Deinking of Mixed Office Waste [MOW] paper was carried out by using a flotation device and adding enzymes as defibrillators. Employing the computational simulation of the molecular coupling between the cellulase enzyme obtained from Trichoderma sp. and cellulose, the enzyme-cellulose molecular complex and the main amino acids endo-β-1,4-D-glucanase of this molecule, responsible for the hydrolysis of cellulose, were obtained. Three of these amino acids were used for deinking. The deinked cellulose fibers were evaluated according to the standards of the paper industry (ISO whiteness [brightness], factor of reflectance, opacity, and tonality) to determine the efficiency of deinking. The experimental results show that the best optical characteristics of the sheets of deinked paper with amino acids are those where a mixture of aspartate, glutamate, and asparagine was applied, instead of their individual dosage. In addition to the aforesaid, the use of enzymes instead of the traditionally used reagent, such as sodium hydroxide, avoids the contamination of wastewater; additionally, the operation of the column is carried out easily, taking into consideration that the pH of the system goes from alkaline to neutral.
- paper deinking
- flotation column
The recycling of paper is a necessary option for the care of the environment and to comply with the environmental regulations established by governments toward the pulp and paper industry, and specifically, the industry that processes recycled paper fibers to obtain pulp free of ink and that includes in its process the passivation of colloidal particles . Traditional deinking paper (e.g., office paper) is industrially “cleaned” by adding sodium hydroxide (defibrillator) and adding chemical reagents to improve the quality of recycled paper, such as whiteness and mechanical strength [2, 3]. This traditional process undoubtedly damages the environment and specifically urban water reservoirs due to the additional chemical agents contained in the recycled pulps [4, 5, 6].
The deinking process exposes the deinking equipment to highly alkaline conditions (pH greater than 10) because the addition of chemical reagents, so ideal conditions in conditions close to neutral pH are preferred, regardless of the chemical reagents used to defribillate the cellulose, capture ink particles, and improve optical and mechanical properties of the recycled paper [5, 6, 7, 8, 9].
The conditioning of the cellulose pulp is essential to ensure the detachment and capture of the ink particles.

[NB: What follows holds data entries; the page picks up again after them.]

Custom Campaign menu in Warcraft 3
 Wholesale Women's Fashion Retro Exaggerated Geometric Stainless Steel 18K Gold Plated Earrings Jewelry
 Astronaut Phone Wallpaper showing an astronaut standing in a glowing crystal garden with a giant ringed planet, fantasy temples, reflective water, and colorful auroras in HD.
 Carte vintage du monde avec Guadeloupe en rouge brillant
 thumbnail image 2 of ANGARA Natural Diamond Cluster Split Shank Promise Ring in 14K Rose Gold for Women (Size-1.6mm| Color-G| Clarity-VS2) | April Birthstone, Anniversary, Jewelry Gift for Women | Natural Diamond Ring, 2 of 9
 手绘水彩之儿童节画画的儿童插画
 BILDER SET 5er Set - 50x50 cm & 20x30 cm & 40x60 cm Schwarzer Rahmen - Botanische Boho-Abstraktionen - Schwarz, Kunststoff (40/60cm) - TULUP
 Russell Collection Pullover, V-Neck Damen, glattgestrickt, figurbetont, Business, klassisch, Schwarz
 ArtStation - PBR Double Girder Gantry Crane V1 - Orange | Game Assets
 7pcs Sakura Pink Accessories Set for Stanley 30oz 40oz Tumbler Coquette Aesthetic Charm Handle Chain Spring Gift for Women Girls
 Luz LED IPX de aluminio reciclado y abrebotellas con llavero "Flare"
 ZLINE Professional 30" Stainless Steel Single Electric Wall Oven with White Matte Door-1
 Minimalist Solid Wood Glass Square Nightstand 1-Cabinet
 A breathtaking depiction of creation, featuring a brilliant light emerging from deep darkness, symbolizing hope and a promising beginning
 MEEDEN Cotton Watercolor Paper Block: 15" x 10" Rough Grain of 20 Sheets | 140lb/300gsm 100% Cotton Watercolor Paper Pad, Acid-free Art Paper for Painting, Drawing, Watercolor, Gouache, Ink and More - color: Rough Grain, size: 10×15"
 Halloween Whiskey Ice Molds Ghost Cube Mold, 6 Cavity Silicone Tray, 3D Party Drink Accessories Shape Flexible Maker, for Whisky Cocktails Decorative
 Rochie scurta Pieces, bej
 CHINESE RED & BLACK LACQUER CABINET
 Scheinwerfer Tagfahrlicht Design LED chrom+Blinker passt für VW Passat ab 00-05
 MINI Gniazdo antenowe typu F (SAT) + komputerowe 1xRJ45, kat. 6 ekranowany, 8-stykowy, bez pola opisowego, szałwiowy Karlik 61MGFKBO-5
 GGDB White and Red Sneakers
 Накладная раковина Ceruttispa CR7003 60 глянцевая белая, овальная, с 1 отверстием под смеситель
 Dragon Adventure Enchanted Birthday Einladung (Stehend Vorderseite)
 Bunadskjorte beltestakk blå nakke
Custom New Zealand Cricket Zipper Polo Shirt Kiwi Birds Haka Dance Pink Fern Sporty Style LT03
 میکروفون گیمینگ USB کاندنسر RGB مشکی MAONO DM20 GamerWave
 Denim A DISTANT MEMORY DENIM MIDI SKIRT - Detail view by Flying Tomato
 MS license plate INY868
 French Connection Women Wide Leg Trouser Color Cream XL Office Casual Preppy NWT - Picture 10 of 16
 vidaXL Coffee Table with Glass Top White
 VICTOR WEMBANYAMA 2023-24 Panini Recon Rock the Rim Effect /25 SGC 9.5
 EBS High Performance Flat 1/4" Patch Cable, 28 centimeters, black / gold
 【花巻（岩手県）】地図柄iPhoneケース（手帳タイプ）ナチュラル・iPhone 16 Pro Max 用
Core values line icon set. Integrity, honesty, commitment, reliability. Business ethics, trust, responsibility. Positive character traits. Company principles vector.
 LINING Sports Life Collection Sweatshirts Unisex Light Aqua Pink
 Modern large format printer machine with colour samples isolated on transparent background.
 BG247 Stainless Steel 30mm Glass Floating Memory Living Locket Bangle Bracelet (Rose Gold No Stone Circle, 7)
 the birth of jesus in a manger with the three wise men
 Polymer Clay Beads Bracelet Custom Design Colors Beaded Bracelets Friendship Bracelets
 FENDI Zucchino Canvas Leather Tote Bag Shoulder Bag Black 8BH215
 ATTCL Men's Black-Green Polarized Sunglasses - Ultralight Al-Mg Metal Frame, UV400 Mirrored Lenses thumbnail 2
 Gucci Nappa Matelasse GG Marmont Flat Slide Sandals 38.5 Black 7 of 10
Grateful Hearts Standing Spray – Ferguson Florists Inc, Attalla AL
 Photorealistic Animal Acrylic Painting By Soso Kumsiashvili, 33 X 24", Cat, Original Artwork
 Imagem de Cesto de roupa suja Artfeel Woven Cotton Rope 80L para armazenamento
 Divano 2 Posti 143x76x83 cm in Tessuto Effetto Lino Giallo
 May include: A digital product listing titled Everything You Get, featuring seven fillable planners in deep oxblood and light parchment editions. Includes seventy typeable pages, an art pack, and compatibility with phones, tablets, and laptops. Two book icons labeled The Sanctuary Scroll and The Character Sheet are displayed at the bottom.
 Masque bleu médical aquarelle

The conditioning of the pulp by adding enzymes will promote the disintegration of the paper and the detachment of the ink, as the enzyme is introduced into the cellulose-ink interface. The catalytic action of the enzymes reduces the activation energy of the reactions that occur in the system, even at low concentrations of the reagent, which implies a low contamination of the conditioning medium. Like any chemical reagent, enzymes function within specific pH ranges [10, 11, 12]; for example, enzymes called cellulases hydrolyze cellulose fibers and enhance the detachment of ink particles [13, 14, 15], which will be available for capture, for example, through the use of devices that generate air dispersions, such as the case of flotation devices [6, 16].
This research work presents the results of the conditioning of recycled office paper pulp (Mixed Office Waste [MOW] type) using enzymes and capturing the ink particles through a flotation column, equipment that is commonly used for mineral processing. The variables that were quantified in the deinked paper to establish the feasibility of the use of enzymes are whiteness, reflectance, opacity, and tonality.
2. Materials and methods
2.1 Enzymatic deinking
Mixed Office Waste (MOW)-type paper was used. The sheets were cut and disintegrated in an industrial blender without chemical reagents. The amino acids such as aspartate, glutamate, and asparagine (Sigma-Aldrich) were added (individually and mixed of all three), as hydrolytic reagents to promote ink detachment.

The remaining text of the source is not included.